On Thursday, 30 January, 2020 12:20, Simon Slavin <[hidden email]> wrote:

>I would appreciate your help.  Reading a technical article today, I came
>across a casual reference to "Standard SQL" as if it was a well-known
>thing.  This worried me since I've never heard the term and I'm meant to
>know about such things.

I would say that "Standard SQL" is that variant of SQL is that "minimal common subset" dialect of SQL that is understood by every single implementation claiming to be "SQL compliant" that has ever existed until the present.  In other words, it is the dialect of SQL that will be understood by *any* software claiming to be "SQL compliant".

>It doesn't seem to refer to the official standard for SQL, which is huge
>and contains a plethora of features implemented once or never.  The
>author seemed to think it was a sort of 'core SQL' – features identically
>implemented by all, or most, of the well-known SQL engines.
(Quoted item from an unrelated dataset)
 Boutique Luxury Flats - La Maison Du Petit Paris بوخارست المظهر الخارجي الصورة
There is a core SQL.  It is not defined.  Most SQL (particularly DDL) is "implementation specific".  About the only things that comprise "standard SQL" are the DML constructs:

INSERT INTO <table> (<column list>) VALUES (<value list>);
SELECT <column list> FROM <table list> [WHERE <condition>] [GROUP BY <column list> [HAVING <having list>]] [ORDER BY <ordering list>]
DELETE FROM <table> [WHERE <condition>]
UPDATE <table> SET <column> = <value>[, <column> = <value>]... [WHERE <condition>]
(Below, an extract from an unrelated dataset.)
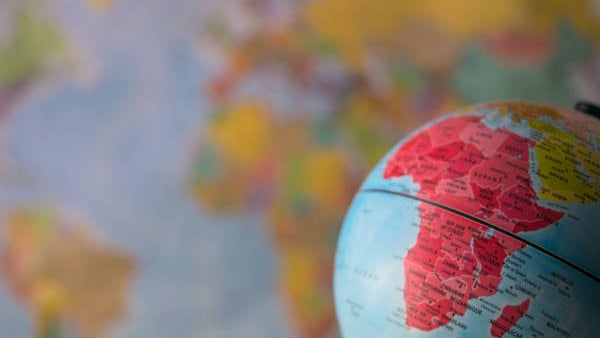 Imagem de Covid-19: África deve adquirir vacinas enquanto continente – África CDC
>The one possibility I can think of is SQL:1999.  This is the first
>version which has features marked as 'mandatory' or 'optional'.  A full
>implementation of all mandatory features could, I suppose, be called
>"Standard SQL", but I've never heard of that term being used for that.
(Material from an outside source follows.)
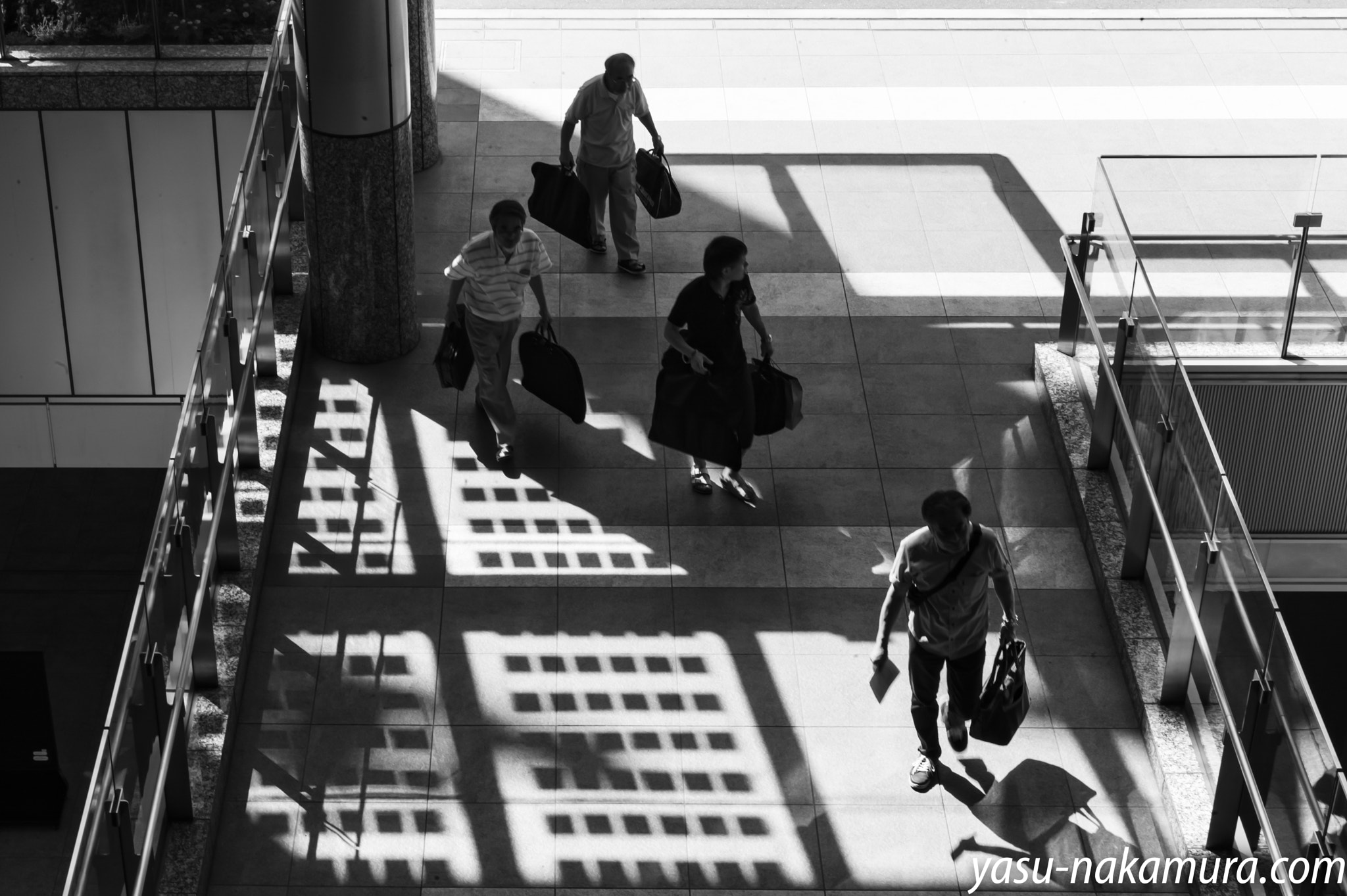 Summicron-M 50mm f/2 (IV, V) sample photo. At station photography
This is very Johnny-lately.  I think the first standard was SQL-85 but even that was chock full of vendor implementation specifics and light on being "standard".  Subsequent versions of the SQL Standard committee output simply became more a practice in documenting vendor implementation specifics rather than defining a standard.  Most standards suffer from this problem.

>Have any of you been using this term for a meaning other than "Fully
>conforming to SQL:2019 (or whatever version you think current) ?  Do you
>have documentation somewhere ?  Or are my suspicions correct and there's
>no such thing ?

Yes. "standard SQL" is that subset of SQL that is understood by every implemetation ever without making changes.  It is a very small subset of the language.  Any "standard SQL" statement will operate the same way on every "SQL compliant" bit of software that ever existed or will exist in the future.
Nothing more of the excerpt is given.